> _WORK INSTRUCTIONS_
All lines at and after the one containing "Hero HF Deluxe . 2019", up to the end of the listing below, are to be printed exactly, with the pictures omitted.

> _EXTRACTED DATA_
== Segment start ==
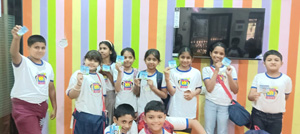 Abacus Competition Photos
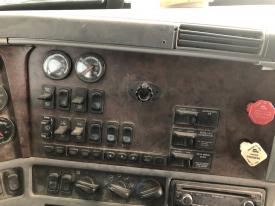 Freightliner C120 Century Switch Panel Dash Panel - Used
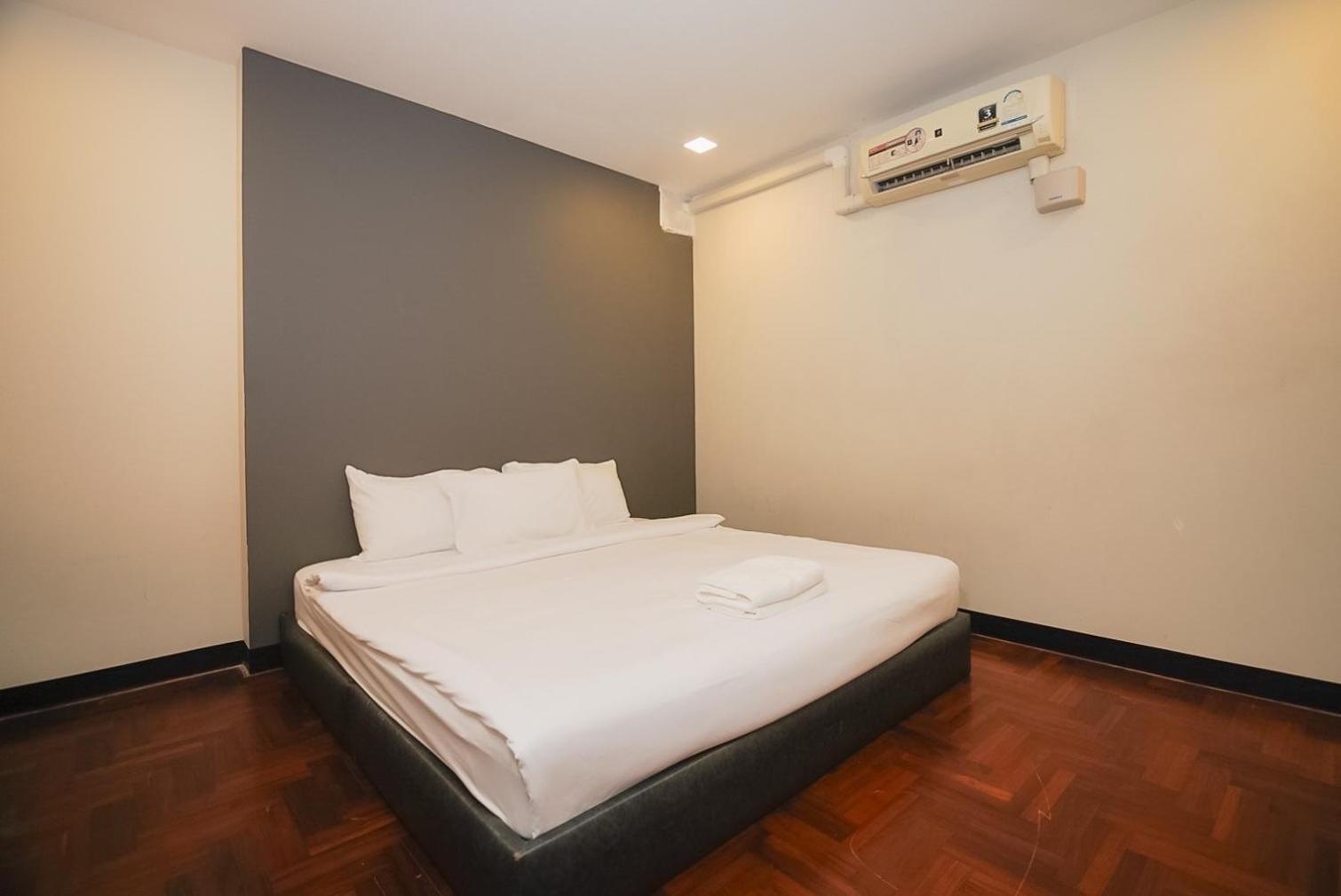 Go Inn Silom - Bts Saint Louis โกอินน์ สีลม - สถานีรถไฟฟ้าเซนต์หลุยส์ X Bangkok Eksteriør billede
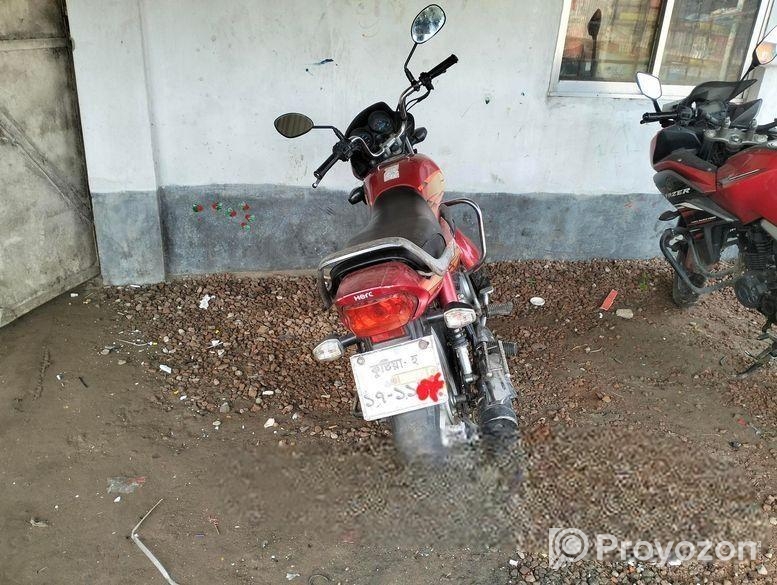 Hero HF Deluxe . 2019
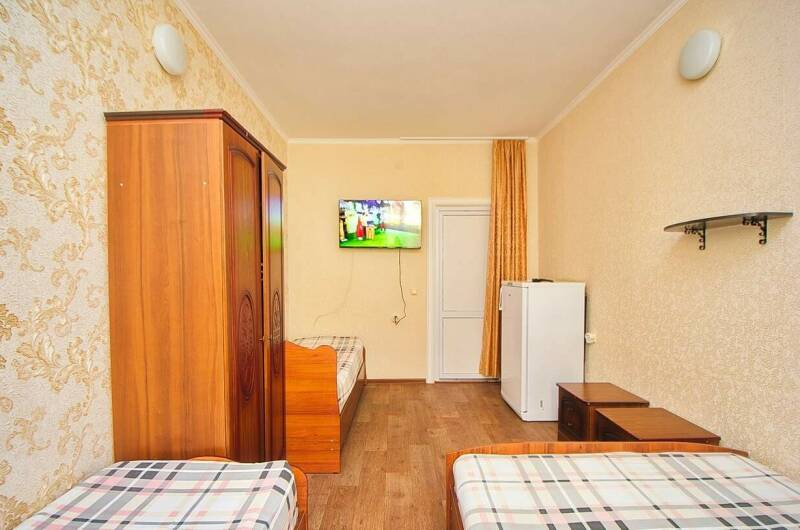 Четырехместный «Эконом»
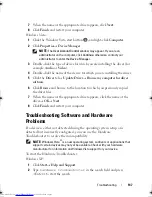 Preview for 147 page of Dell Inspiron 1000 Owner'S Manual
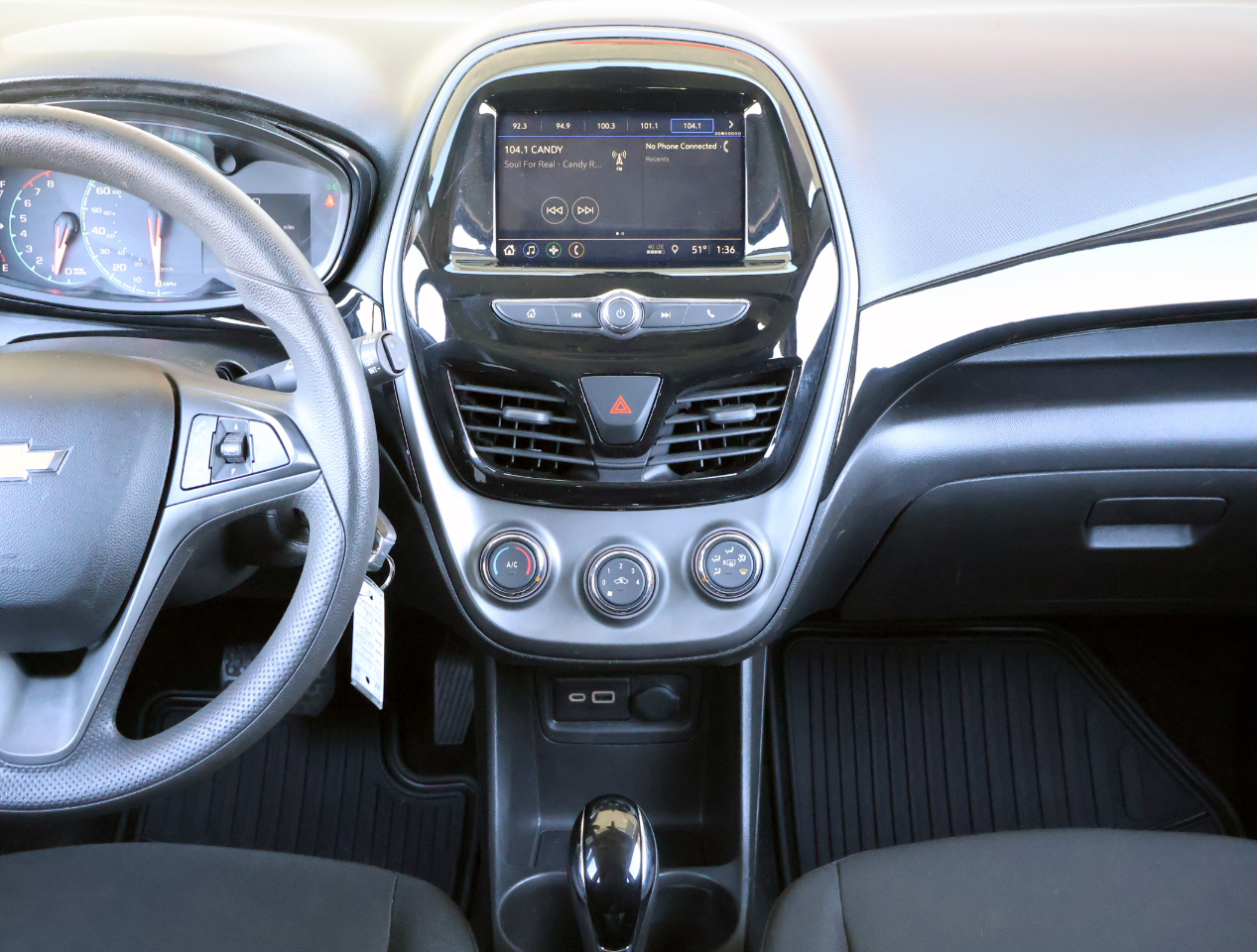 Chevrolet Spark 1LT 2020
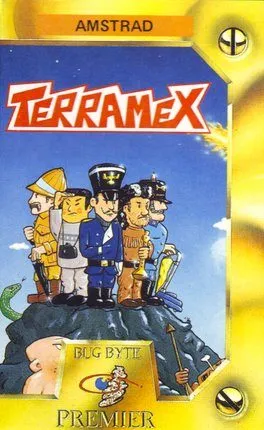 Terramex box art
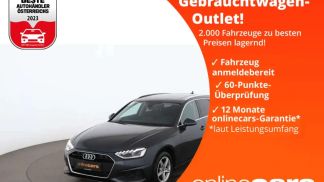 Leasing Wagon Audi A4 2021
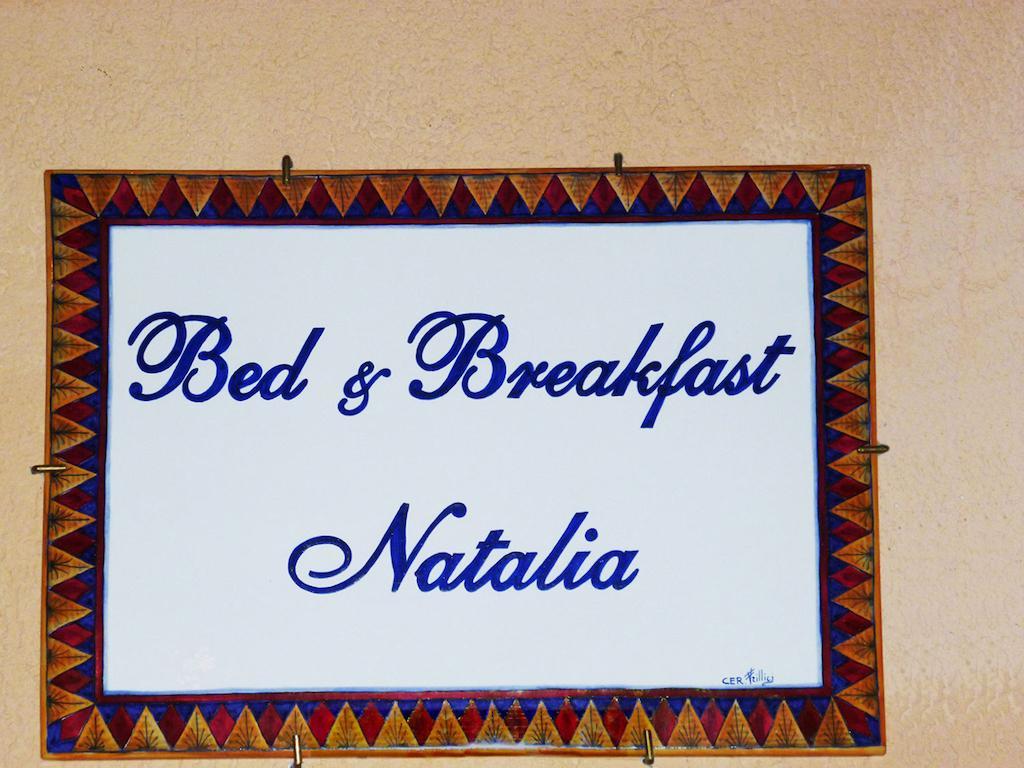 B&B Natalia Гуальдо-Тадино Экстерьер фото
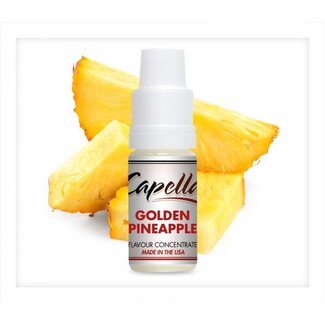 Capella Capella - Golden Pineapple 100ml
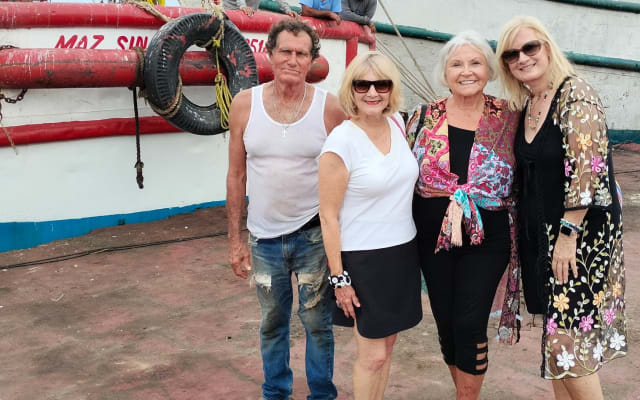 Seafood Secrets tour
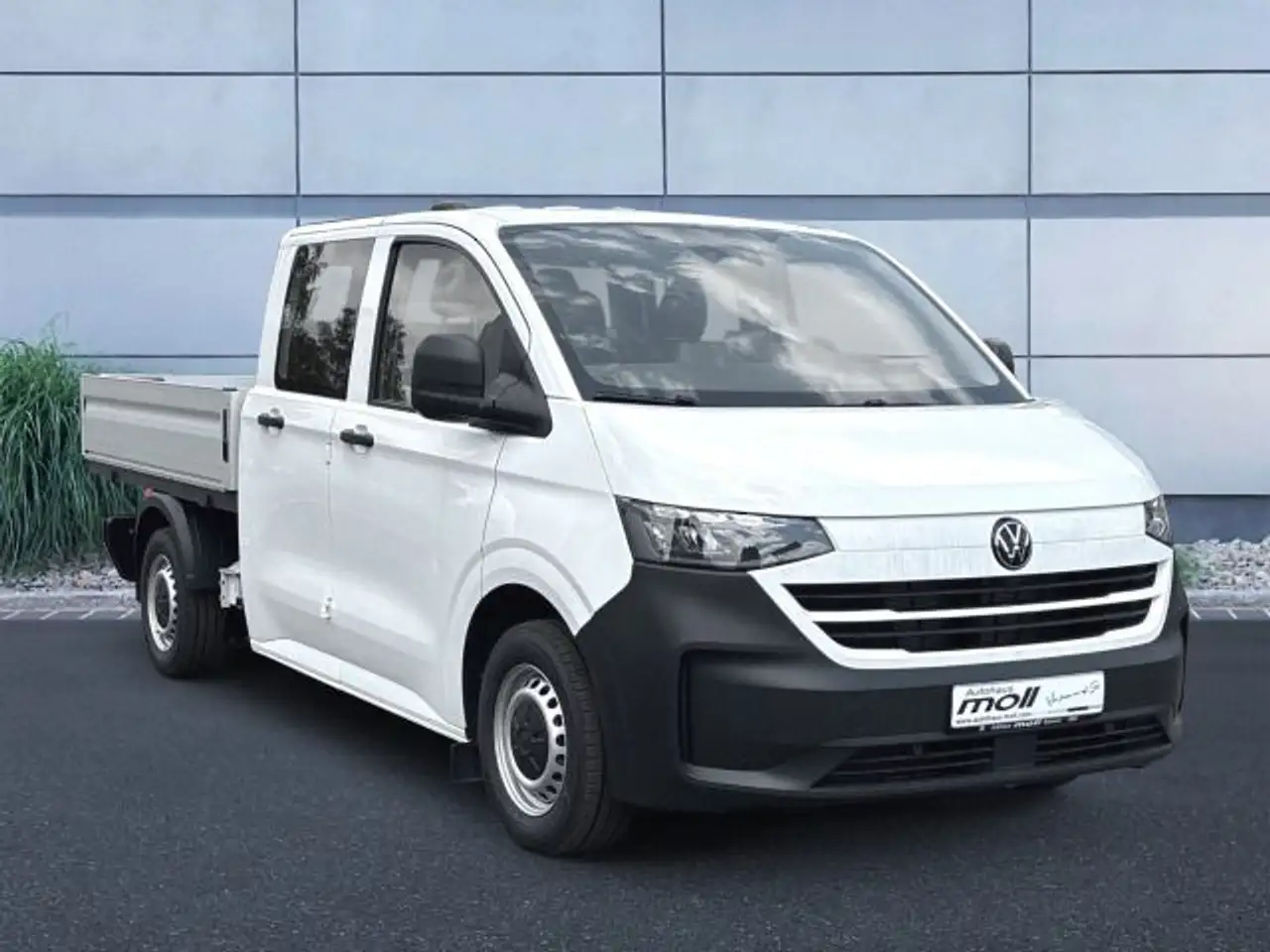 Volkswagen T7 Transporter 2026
== Segment end ==
> _TASK SOLUTION_
 Hero HF Deluxe . 2019
 Четырехместный «Эконом»
 Preview for 147 page of Dell Inspiron 1000 Owner'S Manual
 Chevrolet Spark 1LT 2020
 Terramex box art
 Leasing Wagon Audi A4 2021
 B&B Natalia Гуальдо-Тадино Экстерьер фото
 Capella Capella - Golden Pineapple 100ml
 Seafood Secrets tour
 Volkswagen T7 Transporter 2026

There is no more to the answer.